O Brasil conta com a Política Nacional de Mudança do Clima. Qual é o alcance dessa política, ou seja, quais instituições deveriam atuar de acordo com ela?

Ana Carolina Barbosa: O Brasil possui uma Política Nacional de Mudança do Clima (PNMC), instituída pela Lei 12.187/2009, que é uma legislação há muito criticada por suas omissões e falhas técnicas, mas que traz princípios, conceitos, objetivos, diretrizes e instrumentos públicos, ou seja, um arcabouço estrutural com base no qual as demais políticas públicas devem ser compatíveis.

A PNMC introduziu instrumentos fundamentais para a sua efetividade que envolvem o uso da tributação como ferramenta para viabilizar os investimentos na transição do modelo econômico e na adoção de projetos sustentáveis pelas empresas; e a precificação do carbono com a instituição de um mercado regulado.
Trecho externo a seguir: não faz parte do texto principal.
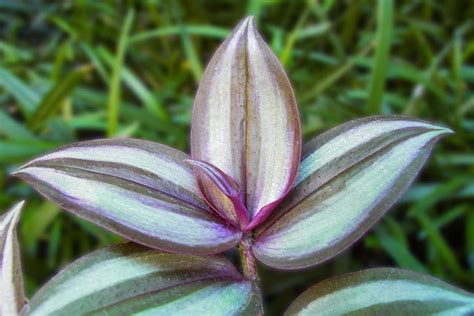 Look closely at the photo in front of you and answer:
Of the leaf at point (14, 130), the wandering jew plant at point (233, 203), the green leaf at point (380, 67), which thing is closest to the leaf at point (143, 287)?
the wandering jew plant at point (233, 203)

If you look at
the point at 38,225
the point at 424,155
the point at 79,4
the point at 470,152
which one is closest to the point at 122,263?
the point at 424,155

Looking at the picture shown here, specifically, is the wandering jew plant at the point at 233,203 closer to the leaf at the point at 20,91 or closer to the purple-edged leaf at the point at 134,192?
the purple-edged leaf at the point at 134,192

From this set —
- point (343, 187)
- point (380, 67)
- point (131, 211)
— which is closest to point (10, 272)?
point (131, 211)

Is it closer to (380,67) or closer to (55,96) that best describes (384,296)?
(380,67)

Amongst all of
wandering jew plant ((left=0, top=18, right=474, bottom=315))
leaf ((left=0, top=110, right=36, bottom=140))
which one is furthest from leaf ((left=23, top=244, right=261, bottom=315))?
leaf ((left=0, top=110, right=36, bottom=140))

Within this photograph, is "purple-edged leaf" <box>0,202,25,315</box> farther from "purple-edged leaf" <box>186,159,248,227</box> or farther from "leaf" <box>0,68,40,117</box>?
"leaf" <box>0,68,40,117</box>

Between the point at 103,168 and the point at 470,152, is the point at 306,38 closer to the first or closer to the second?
the point at 470,152

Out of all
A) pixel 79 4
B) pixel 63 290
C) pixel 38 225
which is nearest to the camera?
pixel 63 290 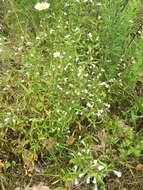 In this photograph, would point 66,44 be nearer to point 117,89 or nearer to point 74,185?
point 117,89

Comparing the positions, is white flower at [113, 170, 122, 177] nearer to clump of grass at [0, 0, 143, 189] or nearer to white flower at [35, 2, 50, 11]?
clump of grass at [0, 0, 143, 189]

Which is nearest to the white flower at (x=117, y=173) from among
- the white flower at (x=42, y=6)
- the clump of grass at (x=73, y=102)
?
the clump of grass at (x=73, y=102)

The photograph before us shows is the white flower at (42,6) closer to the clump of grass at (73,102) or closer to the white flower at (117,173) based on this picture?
the clump of grass at (73,102)

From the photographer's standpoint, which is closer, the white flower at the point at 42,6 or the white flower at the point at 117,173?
the white flower at the point at 117,173

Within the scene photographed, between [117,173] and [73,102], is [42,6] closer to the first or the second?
[73,102]

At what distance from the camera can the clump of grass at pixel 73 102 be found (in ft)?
9.56

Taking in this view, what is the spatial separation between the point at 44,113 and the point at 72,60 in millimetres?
409

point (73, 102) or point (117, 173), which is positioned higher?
point (73, 102)

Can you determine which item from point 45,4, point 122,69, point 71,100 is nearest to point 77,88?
point 71,100

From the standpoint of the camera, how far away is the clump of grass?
2914 millimetres

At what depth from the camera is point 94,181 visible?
277cm

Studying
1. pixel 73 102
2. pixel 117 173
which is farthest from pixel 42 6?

Contudo, até os dias atuais ainda não foi possível avançar nesses temas de maneira satisfatória.

A PNMC estabelece, inclusive, que as instituições financeiras oficiais deverão oferecer linhas de crédito e de financiamento específicas para desenvolver ações e projetos que atendam aos objetivos da lei e que induzam os agentes privados na observância da PNMC no âmbito de suas ações e responsabilidades sociais. 

Portanto, de alguma forma a PNMC busca alcançar todas as instituições públicas e privadas, uma vez que é da responsabilidade de todos a garantia de um meio ambiente sadio e ecologicamente equilibrado.

Lara Miranda e Pietro De Biase: A Lei 12.187/09, que instituiu a Política Nacional sobre a Mudança do Clima (PNMC) prevê obrigações tanto para entes políticos e órgãos da administração pública, como para particulares, incluindo instituições financeiras. Estas últimas, de acordo com a PNMC, deverão criar linhas de crédito e financiamento específicas para incentivar a iniciativa privada na mitigação e adaptação às mudanças climáticas. 

Dentre os instrumentos de implementação da PNMC até o momento mais efetivos, destacam-se o Fundo Nacional sobre Mudança do Clima (FNMC) e o Comitê Interministerial sobre a Mudança do Clima e o Crescimento Verde (CIMV), conforme o Decreto 10.845/21. 

O FNMC é o principal instrumento federal voltado ao custeio do combate às mudanças climáticas e ao cumprimento das metas de redução de emissão de gases do efeito estufa (GEE). A Lei 12.114/09 estabelece que o FNMC é gerido por um comitê gestor e que tais recursos são aplicáveis por meio de apoio financeiro reembolsável, mediante concessão de empréstimo, por intermédio do agente operador (no caso, o BNDES) e/ou apoio financeiro não reembolsável, referente a projetos de mitigação da mudança do clima, aprovados pelo comitê gestor, conforme diretrizes previamente estabelecidas pelo próprio comitê. Em decisão paradigmática, o Supremo Tribunal Federal (STF), no julgamento da Arguição de Descumprimento de Preceito Fundamental (ADPF) 708, proibiu o contingenciamento de receitas destinadas ao bom funcionamento do FNMC. 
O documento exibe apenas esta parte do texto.